[Input for this task Boundary: Start]

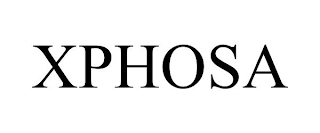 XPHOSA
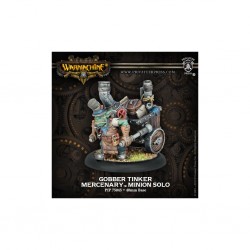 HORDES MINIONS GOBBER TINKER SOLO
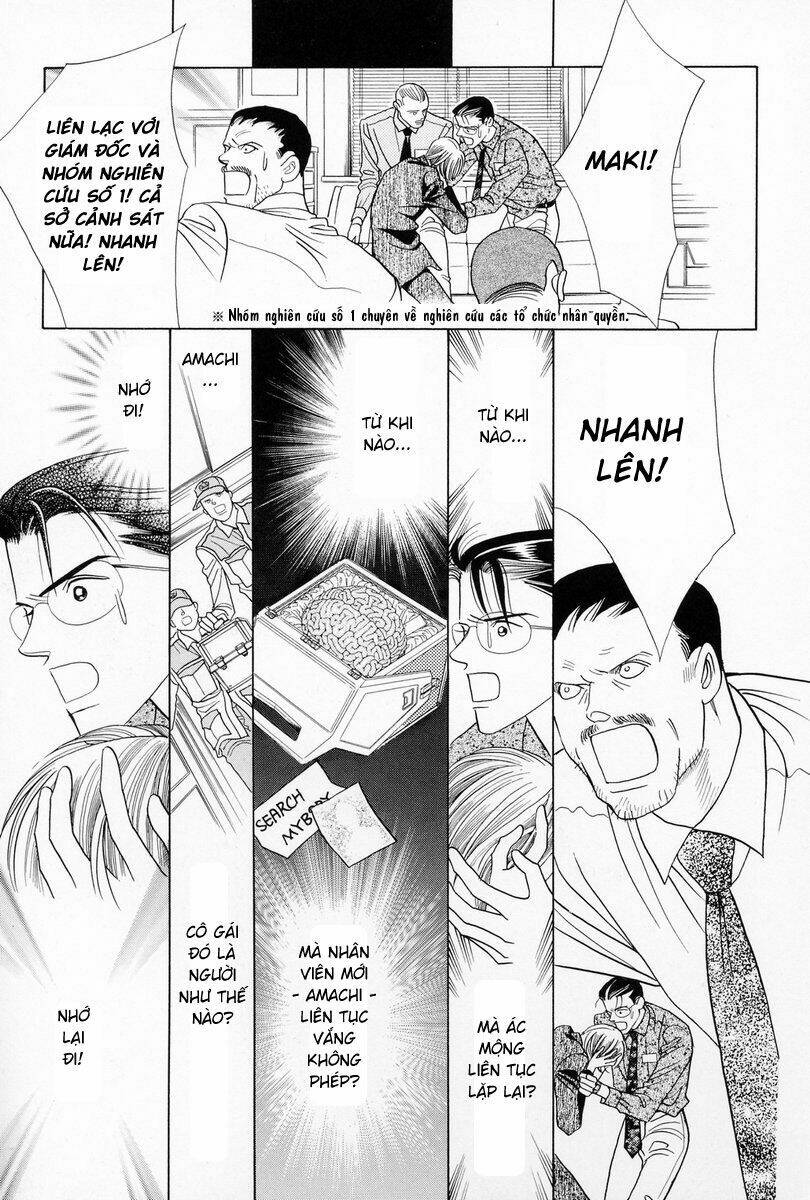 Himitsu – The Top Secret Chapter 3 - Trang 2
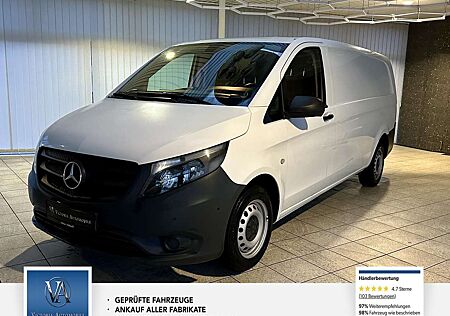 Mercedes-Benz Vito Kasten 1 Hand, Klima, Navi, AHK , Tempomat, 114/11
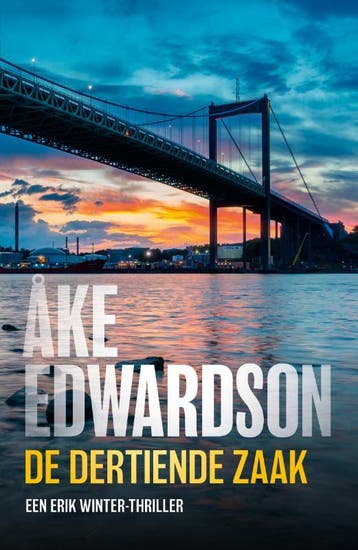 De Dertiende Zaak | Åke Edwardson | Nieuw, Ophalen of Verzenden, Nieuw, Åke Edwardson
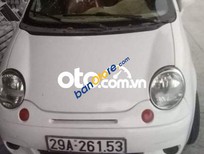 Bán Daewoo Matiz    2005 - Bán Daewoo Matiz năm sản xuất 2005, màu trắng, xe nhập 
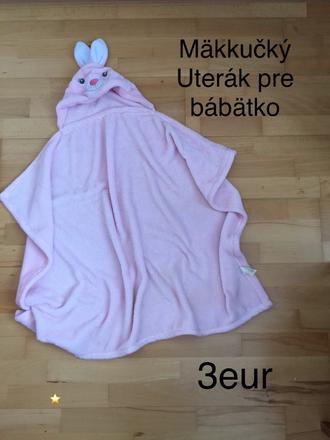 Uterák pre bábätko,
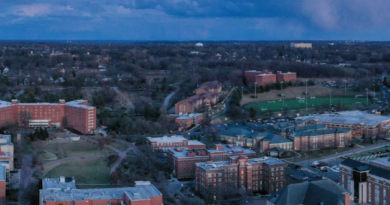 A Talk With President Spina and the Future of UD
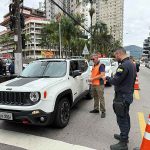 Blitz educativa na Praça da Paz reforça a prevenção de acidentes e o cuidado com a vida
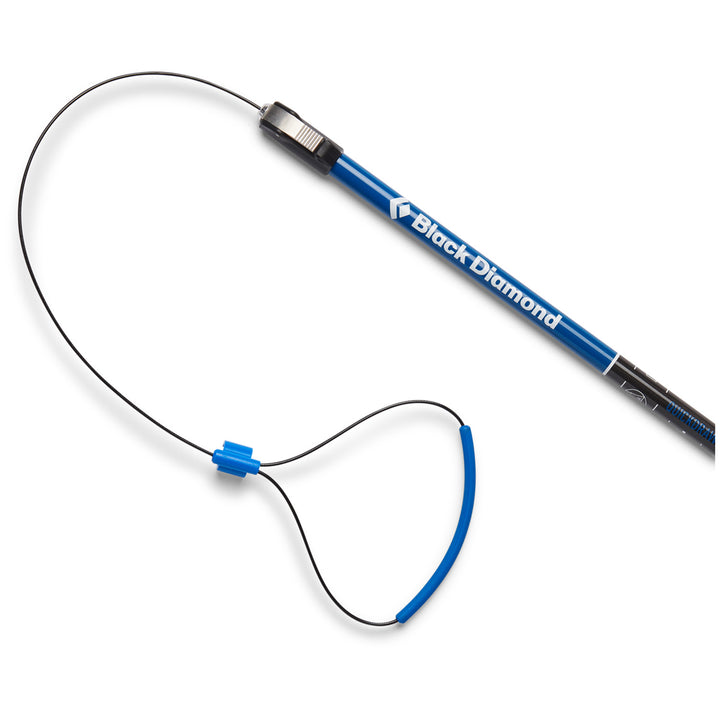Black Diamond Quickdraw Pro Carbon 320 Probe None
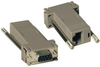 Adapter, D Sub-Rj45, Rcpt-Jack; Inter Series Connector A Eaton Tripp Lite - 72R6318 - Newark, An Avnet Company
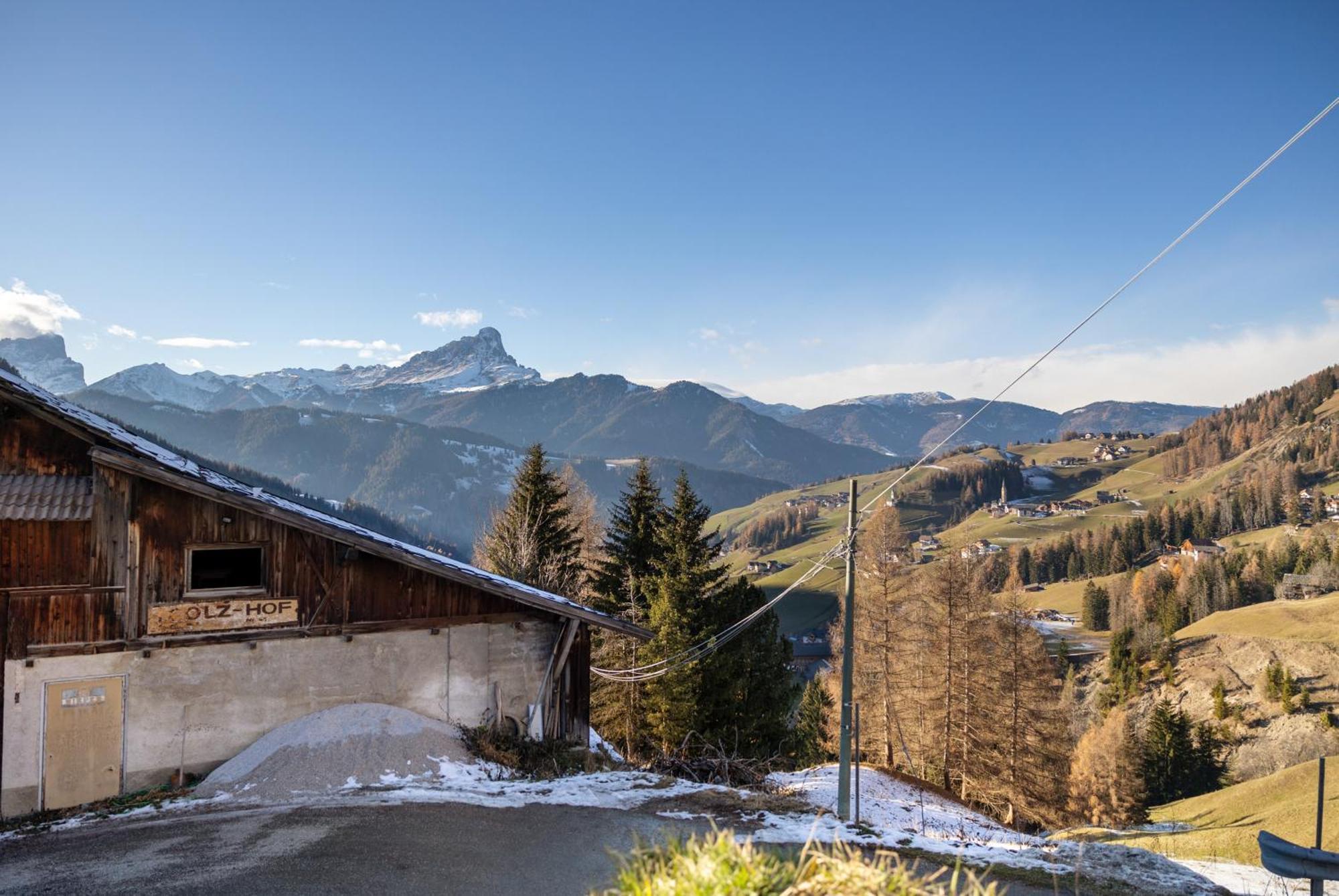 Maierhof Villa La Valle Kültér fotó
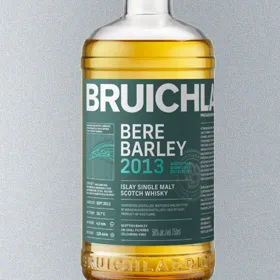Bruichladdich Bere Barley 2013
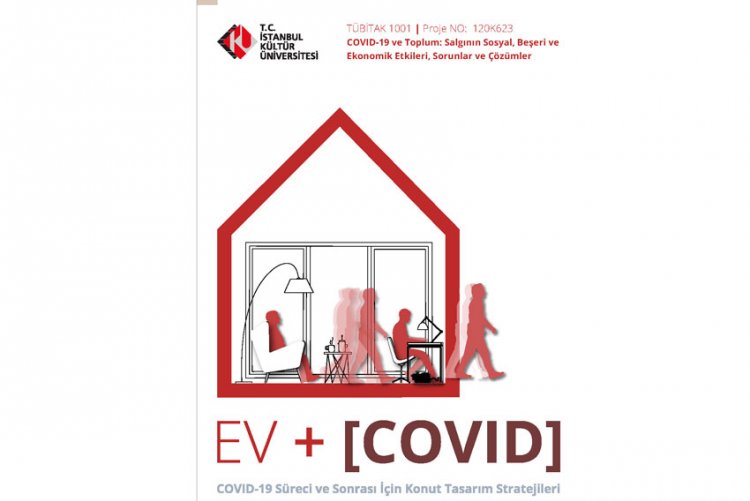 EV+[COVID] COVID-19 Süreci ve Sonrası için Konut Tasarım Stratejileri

[Input for this task Boundary: End]

Find the line holding "A Talk With" in the data above. Retype it and every later line exactly, through the end, but not the pictures.

 A Talk With President Spina and the Future of UD
 Blitz educativa na Praça da Paz reforça a prevenção de acidentes e o cuidado com a vida
Black Diamond Quickdraw Pro Carbon 320 Probe None
 Adapter, D Sub-Rj45, Rcpt-Jack; Inter Series Connector A Eaton Tripp Lite - 72R6318 - Newark, An Avnet Company
 Maierhof Villa La Valle Kültér fotó
Bruichladdich Bere Barley 2013
 EV+[COVID] COVID-19 Süreci ve Sonrası için Konut Tasarım Stratejileri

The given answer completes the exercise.